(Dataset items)
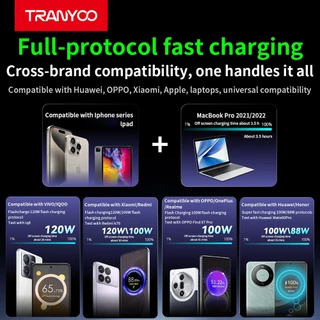 TRANYOO US9GaN ที่ชาร์จเร็วซูเปอร์ 2-in-1มีชิปอัจฉริยะGaNในตัว พร้อมสายข้อมูล Type-C คู่มือ ใช้งานได้กับอุปกรณ์ทุกชนิด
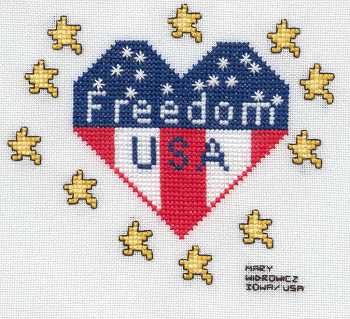 Cross-stitched memorial square by Mary Widrowicz
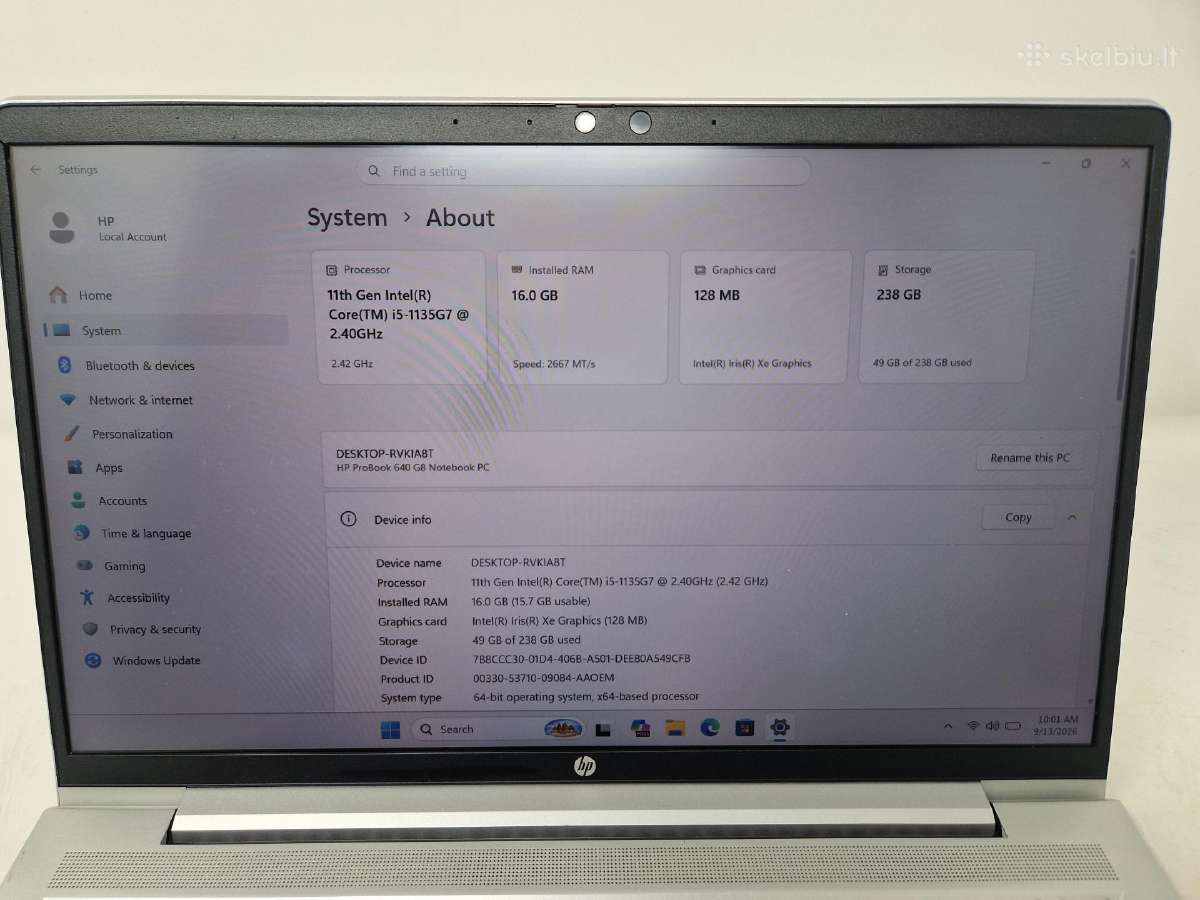Hp Probook 640 G8/i5-1135g7/16gb/256ssd - nuotraukos Nr. 7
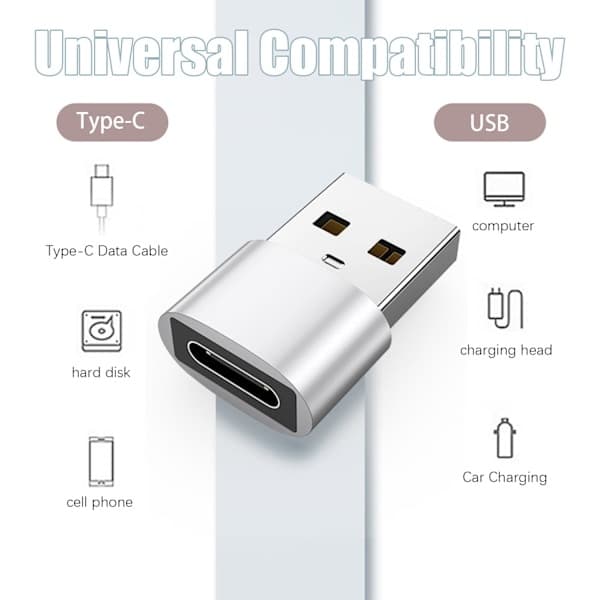 2-pakkaus USB-C–USB-sovitin tiedonsiirtoon ja lataukseen, hopea Silver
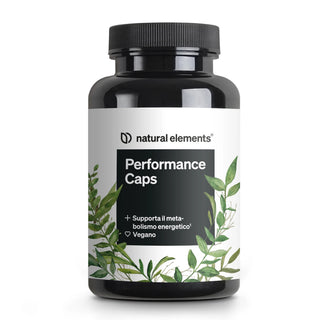 Performance Caps" von Natural Elements mit italienischem Text zu veganer Formel und Unterstützung des Energiestoffwechsels.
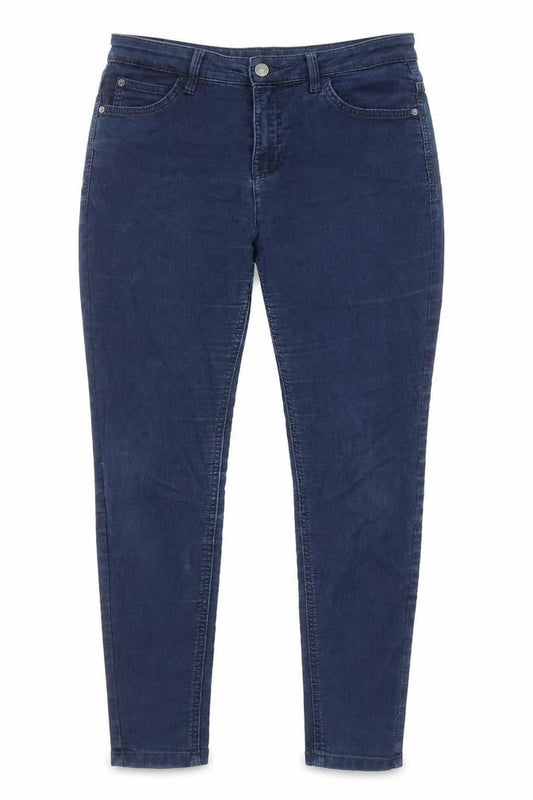 Marks & Spencer Womens Blue Cotton Skinny Jeans Size 12 L26 in Regular Zip - Pockets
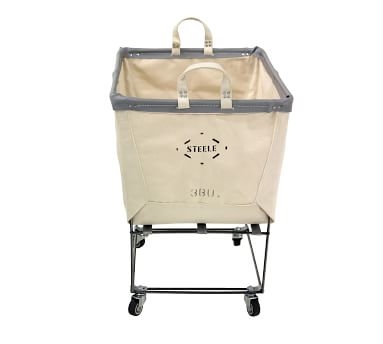 Elevated Canvas Laundry Basket with Wheels and Lid, Small, Natural Canvas/Navy Canvas Trim - Image 3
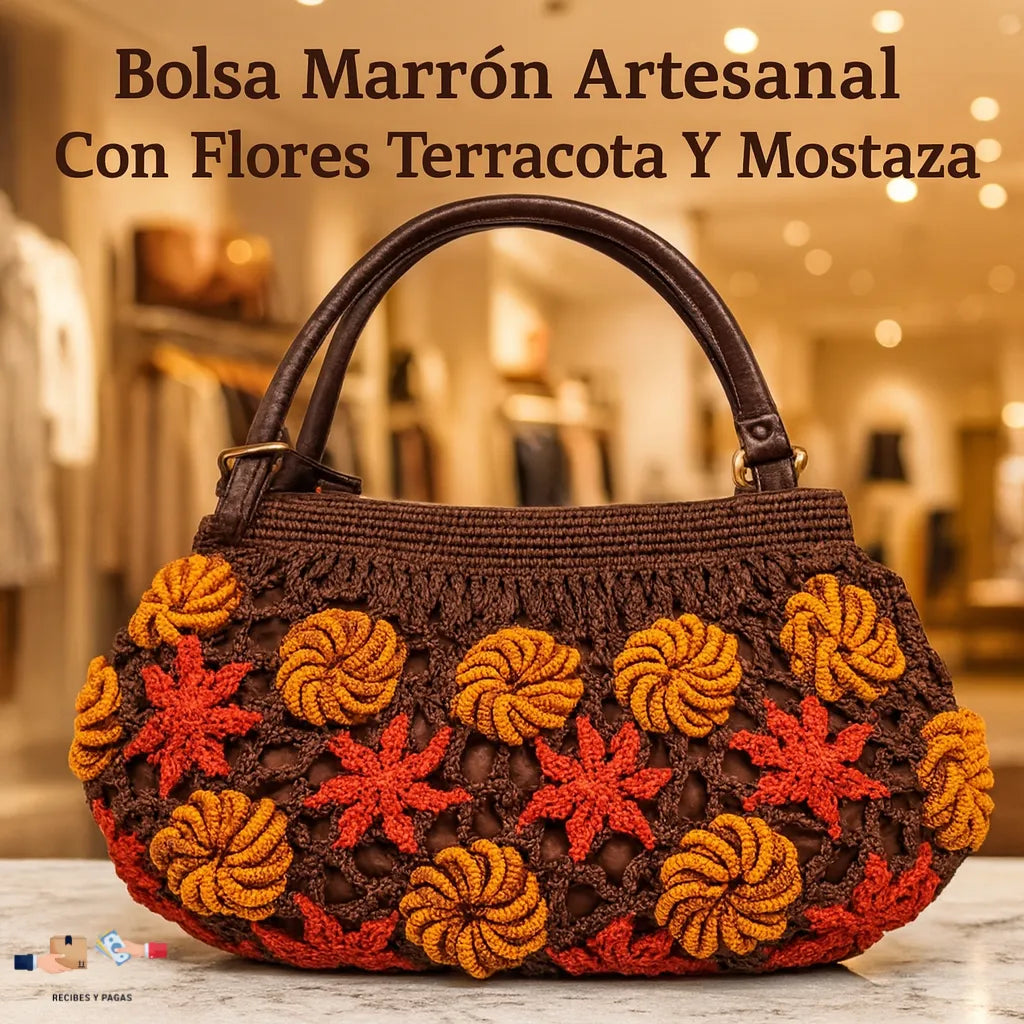 Bolsa marrón artesanal con flores terracota y mostaza, estilo crochet.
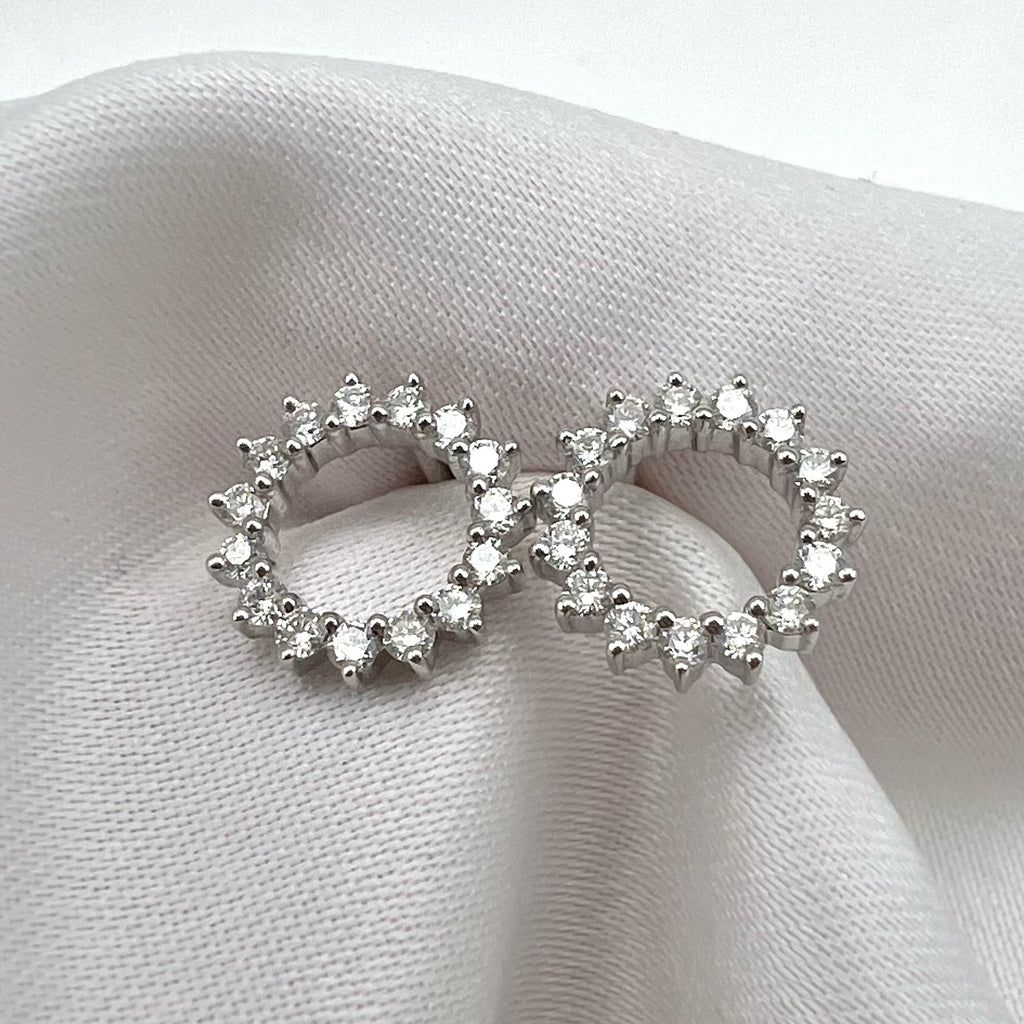 18K White Gold 0.6 cttw Diamond Open Circle Stud Earrings - Screw Back Posts, Natural Diamonds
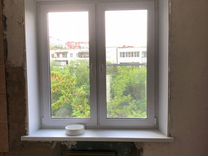 Окно на кухню двухстворчатое с откосами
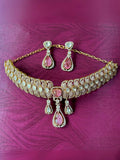 Ishhaara Pink Designer Doublet Necklace With Earings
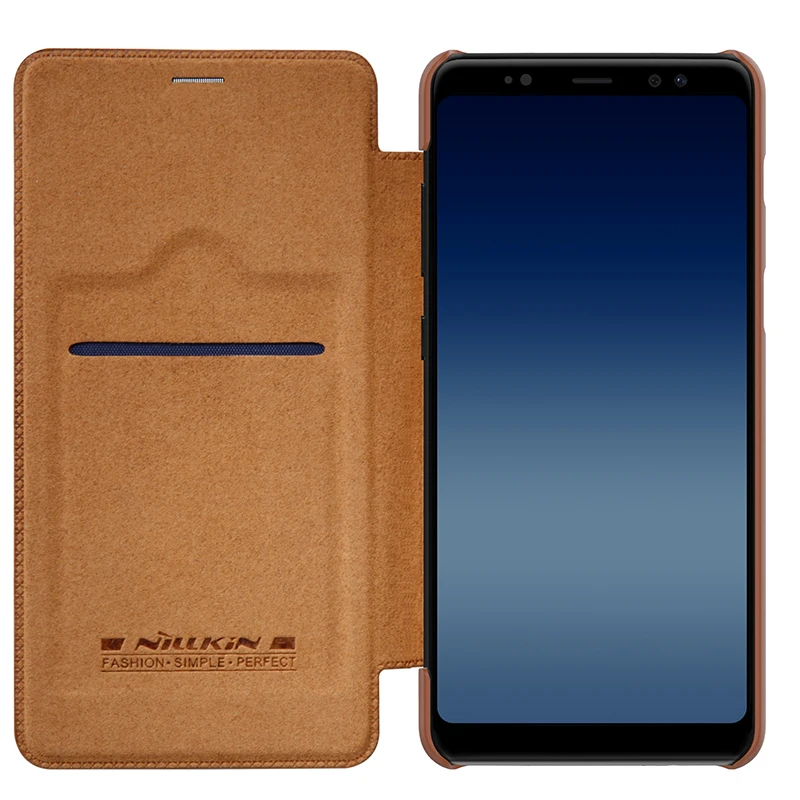 Чехол для Samsung Galaxy A8 2018 серия Nillkin Qin кожаный флип чехол телефона Роскошный кошелек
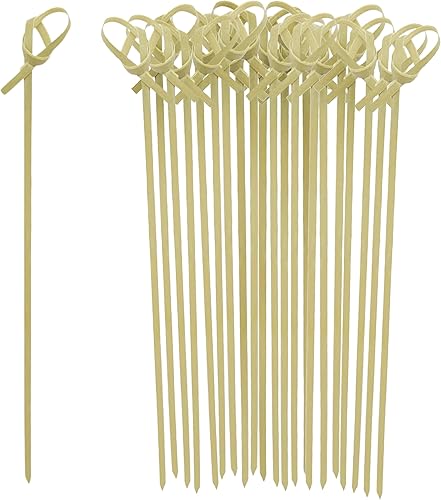 OGGI Palitos de cóctel de bambú, 25 piezas, palillos de Martini de bambú, brochetas de cóctel de madera reutilizables, palitos de Martini para
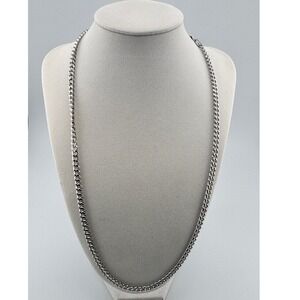 Silver Tone Curb Link Chain Necklace 24 Inch 5mm Flat Cuban Link Unisex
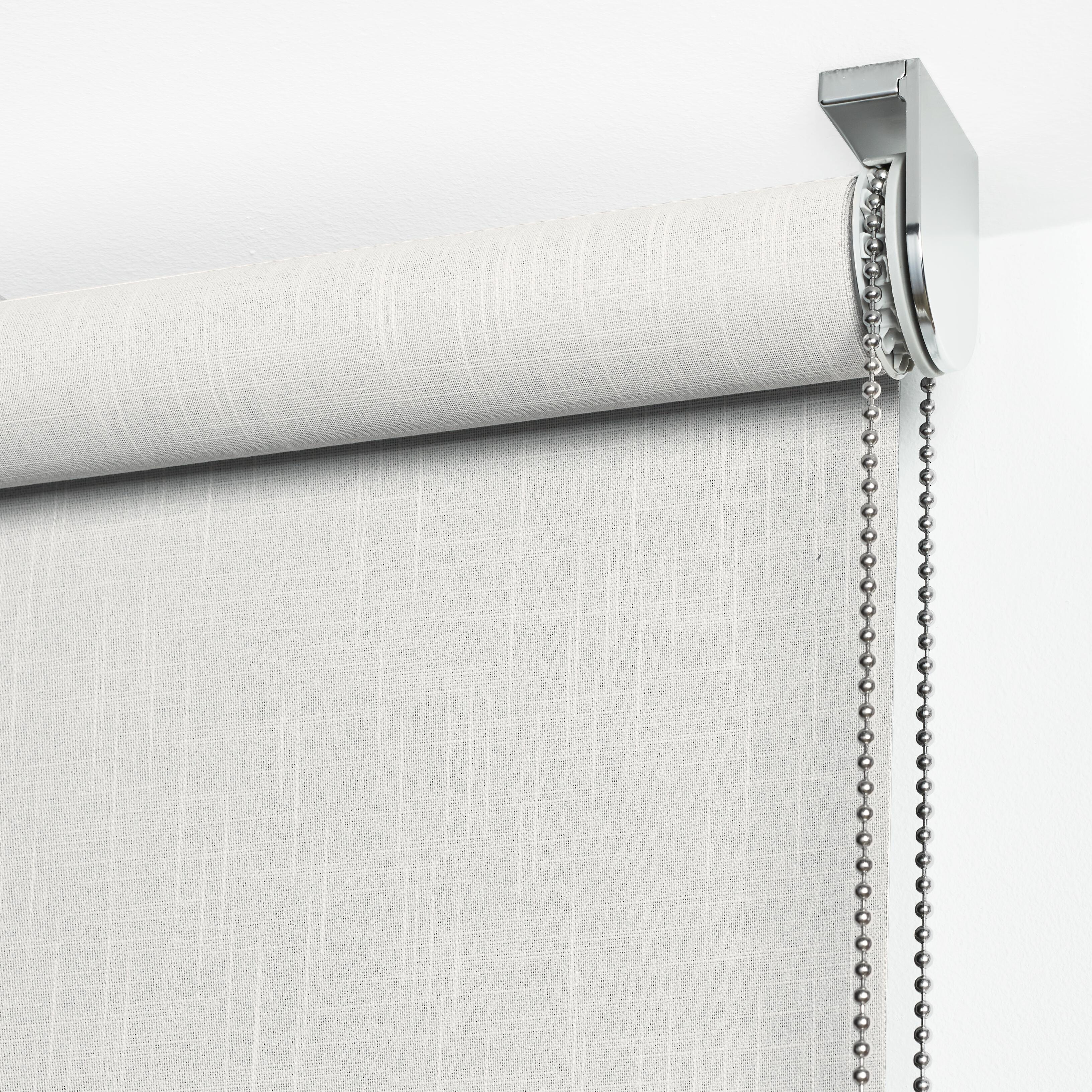 Estor enrollable opaco Malawi de 90x250 poliéster liso blanco INSPIRE con cadena. Instalación sin taladrar - 6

Task statement:
Pictures do not belong in the copy. Reproduce the rest of the data exactly.

Your response:
 TRANYOO US9GaN ที่ชาร์จเร็วซูเปอร์ 2-in-1มีชิปอัจฉริยะGaNในตัว พร้อมสายข้อมูล Type-C คู่มือ ใช้งานได้กับอุปกรณ์ทุกชนิด
 Cross-stitched memorial square by Mary Widrowicz
Hp Probook 640 G8/i5-1135g7/16gb/256ssd - nuotraukos Nr. 7
 2-pakkaus USB-C–USB-sovitin tiedonsiirtoon ja lataukseen, hopea Silver
 Performance Caps" von Natural Elements mit italienischem Text zu veganer Formel und Unterstützung des Energiestoffwechsels.
 Marks & Spencer Womens Blue Cotton Skinny Jeans Size 12 L26 in Regular Zip - Pockets
 Elevated Canvas Laundry Basket with Wheels and Lid, Small, Natural Canvas/Navy Canvas Trim - Image 3
 Bolsa marrón artesanal con flores terracota y mostaza, estilo crochet.
 18K White Gold 0.6 cttw Diamond Open Circle Stud Earrings - Screw Back Posts, Natural Diamonds
 Окно на кухню двухстворчатое с откосами
 Ishhaara Pink Designer Doublet Necklace With Earings
 Чехол для Samsung Galaxy A8 2018 серия Nillkin Qin кожаный флип чехол телефона Роскошный кошелек
 OGGI Palitos de cóctel de bambú, 25 piezas, palillos de Martini de bambú, brochetas de cóctel de madera reutilizables, palitos de Martini para
 Silver Tone Curb Link Chain Necklace 24 Inch 5mm Flat Cuban Link Unisex
 Estor enrollable opaco Malawi de 90x250 poliéster liso blanco INSPIRE con cadena. Instalación sin taladrar - 6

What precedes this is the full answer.